# Determine if S = $\{[a,b] | a, b \in \mathbb Q\}$ is a field under $+$ and $\cdot$ Finding multiplicative inverse help

Determine if S = $\{[a,b] | a, b \in \mathbb Q\}$ is a field under operations $+$ and $\cdot$ where $+$ is given by $[a_1, b_1] + [a_2 + b_2] = [a_1 + a_2, b_1+b_2]$ and $\cdot$ is given by $[a_1, b_1] \cdot [a_2, b_2] = [a_1a_2 - b_1b_2, a_1b_2 + b_1a_2], a_1, a_2, b_1, b_2 \in \mathbb Q$

Clearly closed under addition and multiplication

Since the components are $\in \mathbb Q$ then associative, commutative, and destributive laws follow.

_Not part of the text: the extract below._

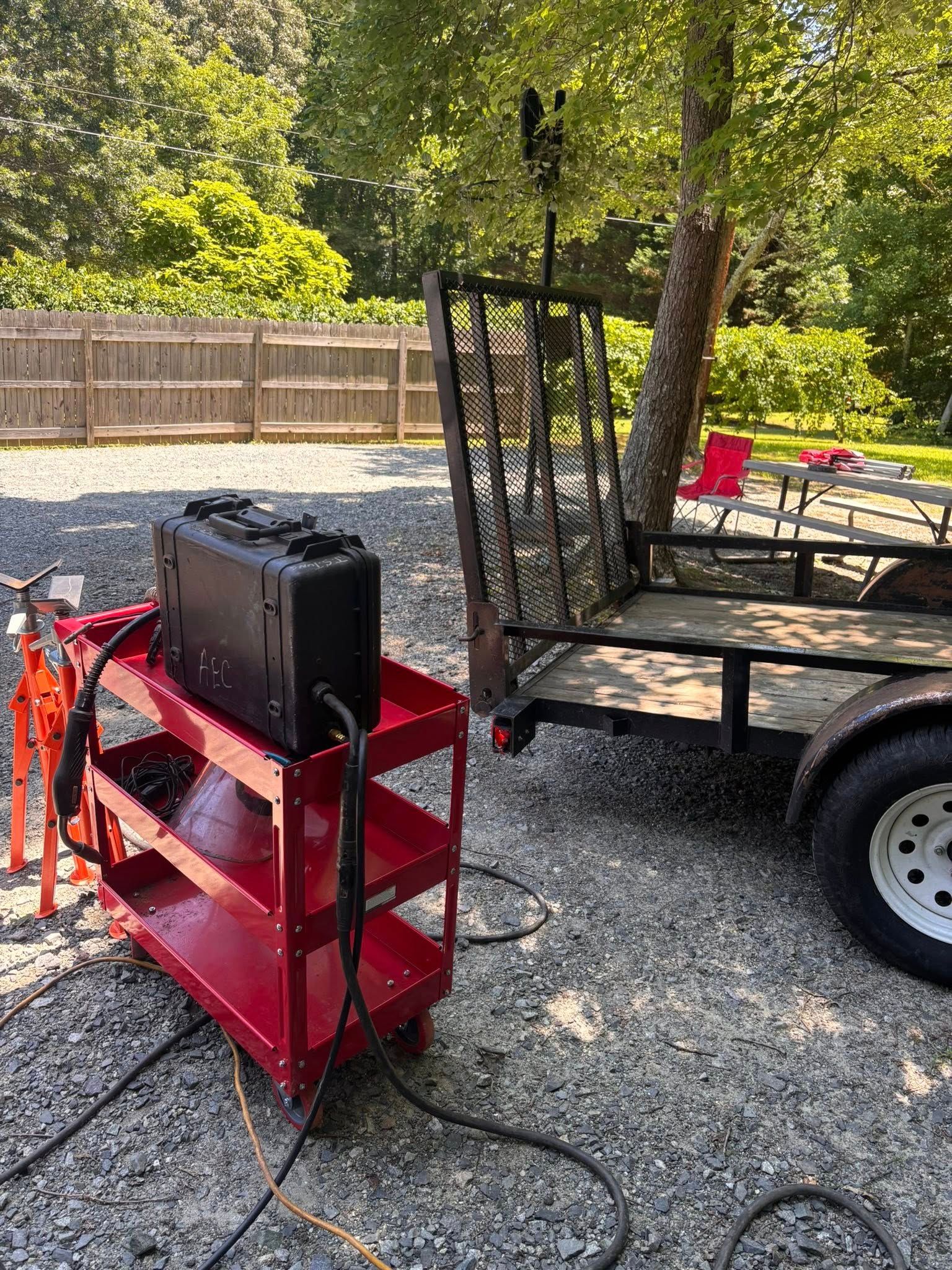Red cart with a black box, cables, and a trailer in a gravel area.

additive identity: $[0,0]$

$[a_1, b_1] + [0,0] = [a_1, b_1]$, holds

multiplicative identity: $[1,0]$

$[a_1, b_1]\cdot[1,0] = [a_1, b_1]$, holds

additive inverse: $[-a_1, -b_1]$

$[a_1, b_1]+[-a_1, -b_1] = [0, 0]$, holds

multiplicative inverse: ??

Unsure how to do this part. I think I have to do this:

$$[a_1, b_1] \cdot [x, y] = [1, 0]$$

Not sure how to though.

• Does $[a,b]$ mean closed interval? Also, your definition of $+$ is garbled. – Eric M. Schmidt Sep 17 '17 at 1:54
• What do you mean? I put a line between the question and my attempt at it. I'm just trying to satisfy the properties for a field. – Tinler Sep 17 '17 at 1:58
• By $[a,b]$ do you mean a closed interval from analysis, i.e., something like $[a,b]=\{x\in\mathbb{R}:a\leq x\leq b\},$ or do you mean an ordered pair of numbers, usually denoted $(a,b)$ (though, admittedly, this notation is also used to mean "open interval" in analysis)? – Will R Sep 17 '17 at 1:58
• I'm not really sure, the question never labeled it. – Tinler Sep 17 '17 at 2:05
• I think, here $[a,b]$ means ordered pair. In that case it is a field, (isomorphic to) $\mathbb{Q}(i)$. If this is true, then think $[a,b]$ as a complex number $a+ib$, and then try. You can easily findout the inverse in this way. – Krish Sep 17 '17 at 2:19

You need to solve $[a,b]*[x,y]=[ax-by,bx+ay]=[1,0]$

So solve $ax-by=1$

$bx+ay=0$

$bx=-ay$ so (assuming $b\ne 0$) $x=-\frac aby$

So $-\frac {a^2}by -by=1$ and $y=\frac -1 {\frac {a^2}b-b} =-\frac b {a^2-b^2}$.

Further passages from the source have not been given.